If you would like to refer to it, please cite the paper mentioned above.

Prerequisites

  • python==3.6.8
  • torch=1.5.0
  • scikit-learn==0.23.1
  • transformers==2.8.0
  • pytorch-transformers=1.2.0
  • nltk=3.4.5

If you are using the conda enviroment, you can install all dependencies with the provided requirments.txt file.

Data

Train/Dev/Test Data

Please download all ourd data from here and put under data. There should be four folders:

  • class_binary
  • class_finegrained
  • tag_binary
  • tag_finegrained

Each folder contains a train, dev, and test split. We provide the detailed data format in the README file under data.

Data Annotation

We release the data annotation interfaces and instructions under data/annotations.

Training Models

Classification

Please go to ./src/Classification.

The following command fine-tunes an bert-base sentence classification model for binary bias detection.

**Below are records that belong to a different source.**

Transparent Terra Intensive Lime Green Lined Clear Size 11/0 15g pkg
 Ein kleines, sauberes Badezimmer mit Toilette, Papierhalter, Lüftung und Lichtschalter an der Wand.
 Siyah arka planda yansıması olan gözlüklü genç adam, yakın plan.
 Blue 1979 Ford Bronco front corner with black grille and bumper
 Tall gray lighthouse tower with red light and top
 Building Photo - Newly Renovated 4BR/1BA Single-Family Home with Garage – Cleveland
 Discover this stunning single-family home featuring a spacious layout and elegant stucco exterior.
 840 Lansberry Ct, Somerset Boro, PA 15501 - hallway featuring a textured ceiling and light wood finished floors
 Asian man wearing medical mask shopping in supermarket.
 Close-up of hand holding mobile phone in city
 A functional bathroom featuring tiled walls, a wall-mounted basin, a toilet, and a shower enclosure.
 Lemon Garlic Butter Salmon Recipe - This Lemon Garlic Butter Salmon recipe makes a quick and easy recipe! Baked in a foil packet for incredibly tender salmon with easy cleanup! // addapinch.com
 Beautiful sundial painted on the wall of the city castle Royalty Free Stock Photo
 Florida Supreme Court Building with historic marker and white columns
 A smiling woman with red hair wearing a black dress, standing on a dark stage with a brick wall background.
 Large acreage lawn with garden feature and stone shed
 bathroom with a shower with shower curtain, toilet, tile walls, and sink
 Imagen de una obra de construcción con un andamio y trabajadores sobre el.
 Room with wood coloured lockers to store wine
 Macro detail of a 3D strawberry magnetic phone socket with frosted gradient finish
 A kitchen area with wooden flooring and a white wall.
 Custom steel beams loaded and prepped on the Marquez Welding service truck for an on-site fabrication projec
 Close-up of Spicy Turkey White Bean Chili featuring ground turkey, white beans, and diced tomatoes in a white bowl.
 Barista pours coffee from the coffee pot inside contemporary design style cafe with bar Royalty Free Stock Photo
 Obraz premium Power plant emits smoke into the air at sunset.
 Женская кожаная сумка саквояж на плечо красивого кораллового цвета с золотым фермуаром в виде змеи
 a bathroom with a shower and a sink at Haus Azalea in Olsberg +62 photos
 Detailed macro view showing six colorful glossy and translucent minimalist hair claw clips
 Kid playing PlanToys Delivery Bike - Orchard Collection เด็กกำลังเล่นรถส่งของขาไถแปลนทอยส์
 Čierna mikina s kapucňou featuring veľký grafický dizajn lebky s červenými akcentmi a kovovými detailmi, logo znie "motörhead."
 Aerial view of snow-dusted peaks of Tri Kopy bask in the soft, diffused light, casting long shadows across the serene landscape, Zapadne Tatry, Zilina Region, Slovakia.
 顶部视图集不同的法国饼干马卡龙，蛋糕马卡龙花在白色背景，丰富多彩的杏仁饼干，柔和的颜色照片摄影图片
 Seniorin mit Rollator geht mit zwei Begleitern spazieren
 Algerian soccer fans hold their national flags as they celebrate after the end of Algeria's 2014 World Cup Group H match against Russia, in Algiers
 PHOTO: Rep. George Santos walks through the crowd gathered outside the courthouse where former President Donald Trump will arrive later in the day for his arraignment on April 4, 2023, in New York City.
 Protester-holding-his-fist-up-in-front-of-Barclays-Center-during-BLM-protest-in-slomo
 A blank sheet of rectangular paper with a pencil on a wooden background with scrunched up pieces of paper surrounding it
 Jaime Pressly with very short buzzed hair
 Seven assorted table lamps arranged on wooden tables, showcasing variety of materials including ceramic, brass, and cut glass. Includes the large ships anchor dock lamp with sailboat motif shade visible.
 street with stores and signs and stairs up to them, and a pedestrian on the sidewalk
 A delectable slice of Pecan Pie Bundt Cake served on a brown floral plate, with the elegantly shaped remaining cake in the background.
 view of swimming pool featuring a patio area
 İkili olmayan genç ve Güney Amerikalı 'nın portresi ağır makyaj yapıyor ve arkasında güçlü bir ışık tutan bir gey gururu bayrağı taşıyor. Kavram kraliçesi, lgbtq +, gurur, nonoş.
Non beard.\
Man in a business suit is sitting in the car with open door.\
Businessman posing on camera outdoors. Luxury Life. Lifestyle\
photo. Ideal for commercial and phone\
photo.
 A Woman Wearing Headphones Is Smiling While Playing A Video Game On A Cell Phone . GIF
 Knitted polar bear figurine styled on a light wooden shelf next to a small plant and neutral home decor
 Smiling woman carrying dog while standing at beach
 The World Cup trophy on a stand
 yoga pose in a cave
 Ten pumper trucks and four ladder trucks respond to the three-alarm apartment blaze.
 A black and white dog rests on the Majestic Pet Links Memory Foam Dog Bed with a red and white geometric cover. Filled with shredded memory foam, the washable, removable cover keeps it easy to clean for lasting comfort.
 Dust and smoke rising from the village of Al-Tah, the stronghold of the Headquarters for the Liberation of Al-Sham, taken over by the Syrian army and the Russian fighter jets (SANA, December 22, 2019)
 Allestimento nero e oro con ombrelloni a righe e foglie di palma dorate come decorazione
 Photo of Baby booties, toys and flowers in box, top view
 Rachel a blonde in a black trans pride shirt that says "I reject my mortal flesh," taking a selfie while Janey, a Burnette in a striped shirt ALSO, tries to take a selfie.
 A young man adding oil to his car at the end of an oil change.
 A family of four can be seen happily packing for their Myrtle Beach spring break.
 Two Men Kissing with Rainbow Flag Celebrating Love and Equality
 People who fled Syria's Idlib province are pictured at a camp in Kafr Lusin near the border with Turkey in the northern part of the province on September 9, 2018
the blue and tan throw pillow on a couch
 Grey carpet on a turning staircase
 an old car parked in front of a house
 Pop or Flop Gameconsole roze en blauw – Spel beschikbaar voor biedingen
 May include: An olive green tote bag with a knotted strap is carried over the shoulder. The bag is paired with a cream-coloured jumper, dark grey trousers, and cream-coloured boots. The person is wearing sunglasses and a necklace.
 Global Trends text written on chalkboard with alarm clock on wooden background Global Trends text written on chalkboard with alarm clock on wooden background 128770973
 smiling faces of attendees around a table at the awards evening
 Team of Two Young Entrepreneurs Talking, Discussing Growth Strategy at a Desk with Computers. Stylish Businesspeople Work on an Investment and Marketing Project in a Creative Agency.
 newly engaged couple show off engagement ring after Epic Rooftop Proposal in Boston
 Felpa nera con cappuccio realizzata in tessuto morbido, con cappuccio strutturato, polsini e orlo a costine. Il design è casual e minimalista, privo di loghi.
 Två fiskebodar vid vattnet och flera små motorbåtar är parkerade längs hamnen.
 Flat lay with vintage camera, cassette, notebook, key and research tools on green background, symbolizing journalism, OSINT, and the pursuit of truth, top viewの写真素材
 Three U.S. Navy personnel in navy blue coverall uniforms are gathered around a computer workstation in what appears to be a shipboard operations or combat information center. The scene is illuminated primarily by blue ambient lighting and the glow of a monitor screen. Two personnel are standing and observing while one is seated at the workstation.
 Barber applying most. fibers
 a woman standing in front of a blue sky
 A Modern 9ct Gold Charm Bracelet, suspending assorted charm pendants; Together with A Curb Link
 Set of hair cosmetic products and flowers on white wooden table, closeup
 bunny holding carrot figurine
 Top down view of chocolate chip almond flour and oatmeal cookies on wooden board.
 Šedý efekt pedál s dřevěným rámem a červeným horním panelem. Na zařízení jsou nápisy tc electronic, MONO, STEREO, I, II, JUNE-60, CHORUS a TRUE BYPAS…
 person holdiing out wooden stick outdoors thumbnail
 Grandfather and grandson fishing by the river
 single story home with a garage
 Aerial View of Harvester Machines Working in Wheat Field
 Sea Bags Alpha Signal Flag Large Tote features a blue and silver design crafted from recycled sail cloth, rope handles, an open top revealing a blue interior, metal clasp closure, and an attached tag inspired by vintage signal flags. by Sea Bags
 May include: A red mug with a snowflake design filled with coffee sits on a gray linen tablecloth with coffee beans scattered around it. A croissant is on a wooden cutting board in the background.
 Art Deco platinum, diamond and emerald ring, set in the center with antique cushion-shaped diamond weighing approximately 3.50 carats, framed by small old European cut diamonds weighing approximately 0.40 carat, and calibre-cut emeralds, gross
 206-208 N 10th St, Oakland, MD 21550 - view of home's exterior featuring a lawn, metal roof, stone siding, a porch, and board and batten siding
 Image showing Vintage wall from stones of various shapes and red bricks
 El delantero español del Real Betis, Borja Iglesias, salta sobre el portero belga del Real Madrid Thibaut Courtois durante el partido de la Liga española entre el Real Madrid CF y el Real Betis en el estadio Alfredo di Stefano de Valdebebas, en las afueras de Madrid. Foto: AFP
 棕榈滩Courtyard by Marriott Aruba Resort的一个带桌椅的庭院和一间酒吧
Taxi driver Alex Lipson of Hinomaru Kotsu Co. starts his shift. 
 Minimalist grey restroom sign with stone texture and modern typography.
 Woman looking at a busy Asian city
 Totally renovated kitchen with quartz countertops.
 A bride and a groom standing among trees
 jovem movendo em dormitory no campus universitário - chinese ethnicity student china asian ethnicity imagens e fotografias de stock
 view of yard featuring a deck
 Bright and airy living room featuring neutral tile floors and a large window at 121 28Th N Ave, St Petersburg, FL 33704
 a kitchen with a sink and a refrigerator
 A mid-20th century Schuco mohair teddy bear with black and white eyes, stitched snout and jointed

python train.py --device [desired cuda id] 
                --batch-size 16 
                --epochs 3 
                --max_len 128 
                --lr 2e-5
                --pretrained-ckpt "ckpt/*saved_ckpt*" [optional]

The following command fine-tunes an bert-base sentence classification model for finegrained bias detection.

python train_finegrained.py --device 0 [desired cuda device] 
                --batch-size 16 
                --epochs 3 
                --max_len 128 
                --lr 2e-5
                --pretrained-ckpt "ckpt/*saved_ckpt*" [optional]

To evaluate the results, run

python eval.py/eval_finegrained.py --device 0 [desired cuda device] --eval_ckpt "ckpt/*saved_ckpt*"

Tagging

Please first change directory to ./src/Tagging.

Training BERT model

Please run ./run_bert_ner.sh to train the BERT baseline model without extra linguistic features.

Training BERT-LING model

Please run ./run_bert_ner_extra_feature.sh to train the BERT baseline model with extra linguistic features.

Training BERT-LING model for fine-grained settings

Please run ./run_bert_ner_extra_feature_fine_grained.sh to train the BERT baseline model with extra linguistic features in the fine-grained setting.

Evaluating models

Please follow the example jupyter notebook (eval.ipynb) for evaluating the model on test set for Exact and Partial F1 scores.